AWS Config now supports two new managed rules to detect overly permissive Amazon S3 bucket policies. Previously, you had to manually examine the policies tied to each of your S3 buckets to ensure proper access configurations are in place. Now, you can use Config rules to automatically check your S3 buckets for unrestricted public read or write access. With these new rules, you can check Access Control Lists (ACLs) and policies attached to your S3 buckets, flag non-compliant resources, and receive Amazon Simple Notification Service (Amazon SNS) notifications when your bucket permissions change.

Amazon Elastic File System (EFS) now allows you to encrypt your data at rest using keys managed through AWS Key Management Service (KMS). Encryption and decryption are handled seamlessly, so you don’t have to modify your applications to access your data.

Amazon Macie is a security service that uses machine learning to automatically discover, classify, and protect sensitive data in AWS. Amazon Macie recognizes sensitive data such as personally identifiable information (PII) or intellectual property, and provides you with dashboards and alerts that give visibility into how this data is being accessed or moved.

Amazon Athena is now integrated with the AWS Glue Data Catalog. The AWS Glue Data Catalog provides a central metadata repository for all of your data assets regardless of where they are located. It integrates with Amazon S3, Amazon RDS, Amazon Redshift and Amazon Redshift Spectrum, Amazon Athena, Amazon EMR, and any Apache Hive Metastore compatible application. If you already use Amazon Athena, we recommend that you upgrade from using Athena’s internal Data Catalog to AWS Glue Data Catalog. Click here to learn more about the upgrade .

Amazon Lex is now integrated with AWS CloudTrail, a service that enables you to log, continuously monitor, and retain events related to API calls across your AWS infrastructure, to provide a history of API calls for your account. Amazon Lex API calls are captured from the Amazon Lex console or from your API operations using the SDKs directly. Your Amazon Lex API calls are delivered to an Amazon S3 bucket with your other AWS service records. Using the information collected by AWS CloudTrail, you can track requests made to Amazon Lex including the origination of the request, such as source IP address, the date and time the request was made, and the parameters requested.

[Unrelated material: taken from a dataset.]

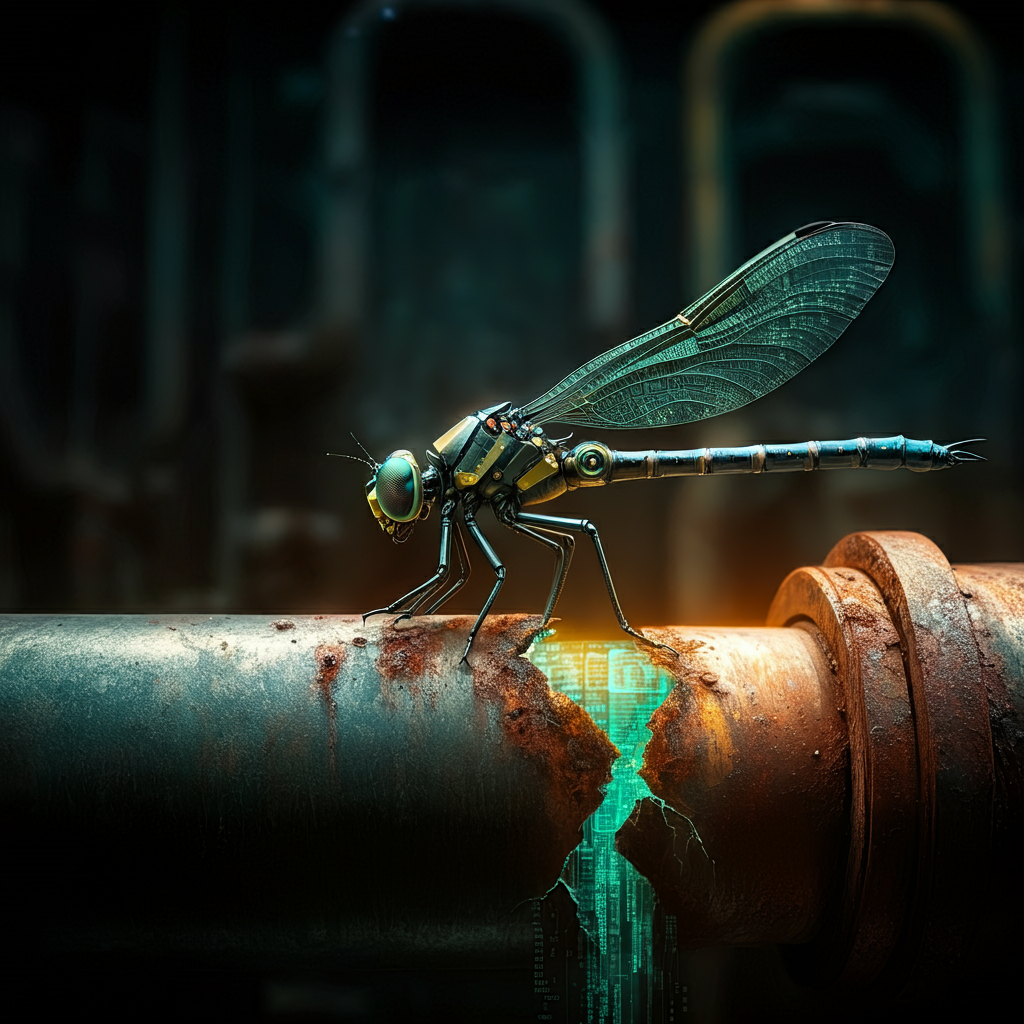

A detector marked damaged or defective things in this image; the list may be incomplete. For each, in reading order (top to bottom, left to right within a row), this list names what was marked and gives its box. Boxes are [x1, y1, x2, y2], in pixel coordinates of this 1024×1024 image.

corroded metal [0, 610, 610, 962]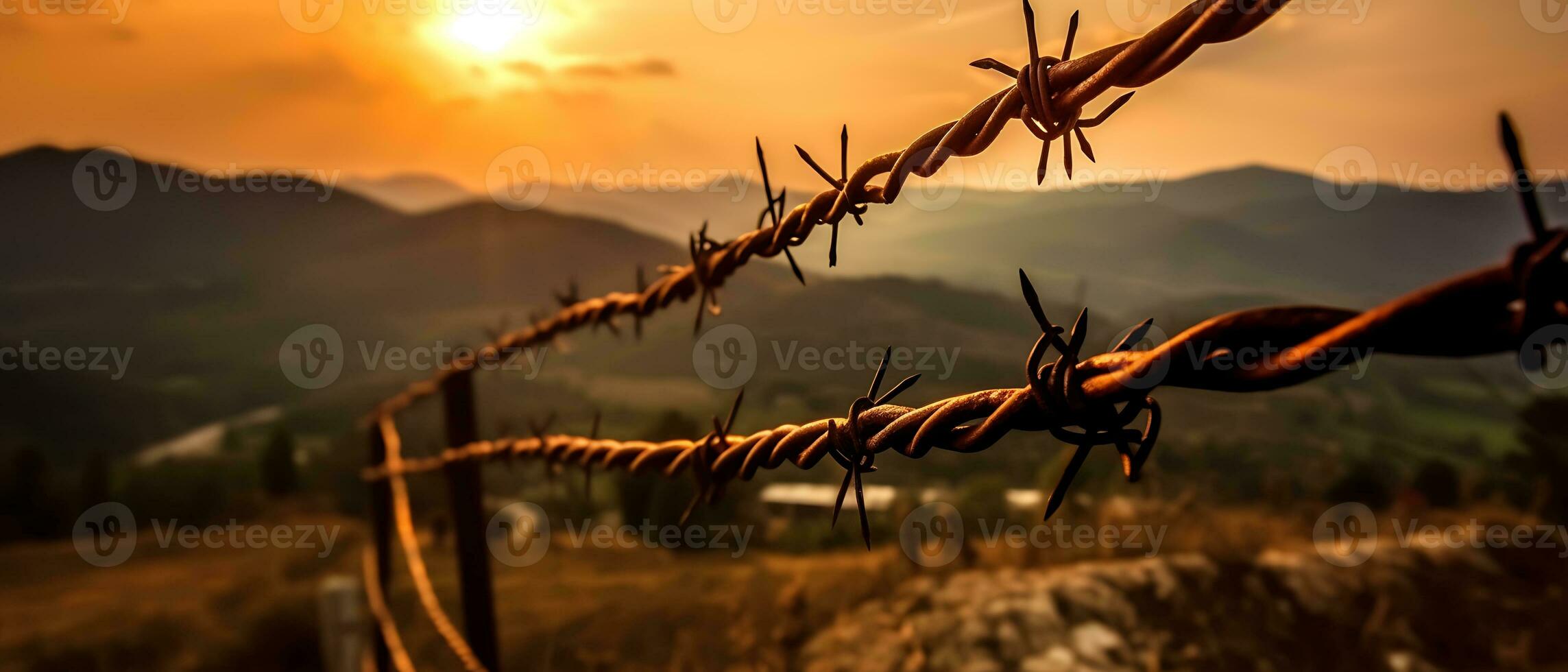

Announcing the new AWS CloudHSM. The new CloudHSM offers you cost effective hardware key management at cloud scale for sensitive and regulated workloads. You can now generate and use encryption keys using FIPS 140-2 Level 3 validated hardware security modules (HSMs) on the AWS Cloud. CloudHSM integrates with your applications using industry-standard APIs, such as PKCS#11, Java Cryptography Extensions (JCE), and Microsoft CryptoNG (CNG). It is also standards-compliant and enables you to export all of your keys to most other commercially-available HSMs. CloudHSM is a fully-managed service that automates time-consuming administrative tasks for you, such as hardware provisioning, software patching, high-availability, and backups. With CloudHSM, you can add and remove HSM capacity on-demand, with no up-front costs.

You can now use the AWS Glue Data Catalog with Apache Spark and Apache Hive on Amazon EMR. The AWS Glue Data Catalog is a managed metadata repository that is integrated with Amazon EMR, Amazon Athena, Amazon Redshift Spectrum, and AWS Glue ETL jobs. Additionally, it provides automatic schema discovery and schema version history. You can choose to use the AWS Glue Data Catalog to store external table metadata for Hive and Spark instead of utilizing an on-cluster or self-managed Hive Metastore. This allows you to more easily store metadata for your external tables on Amazon S3 outside of your cluster.

You can now use the AWS Glue Data Catalog as the metadata repository for Amazon Redshift Spectrum. The AWS Glue Data Catalog provides a central metadata repository for all of your data assets regardless of where they are located.  

Amazon Virtual Cloud (VPC) now provides customers an opportunity to recover EIPs that they might have released accidentally. The released EIPs are available for recovery as long as they are not assigned to a different customer. The sooner customers try to recover their EIPs, the better are the chances of recovering them. Customers can recover their EIPs via CLI by using the allocate-address command and specifying the IP address using the –address parameter.  

The AWS Tools for Microsoft Visual Studio Team Services (VSTS) is an extension for Microsoft VSTS and on-premises Microsoft Team Foundation Server (TFS) that makes it easy to deploy .NET applications to AWS. If you already use Microsoft VSTS or TFS, the AWS Tools for VSTS makes it easy to deploy your code to AWS without changing how you run your project, organize your builds, and track your work.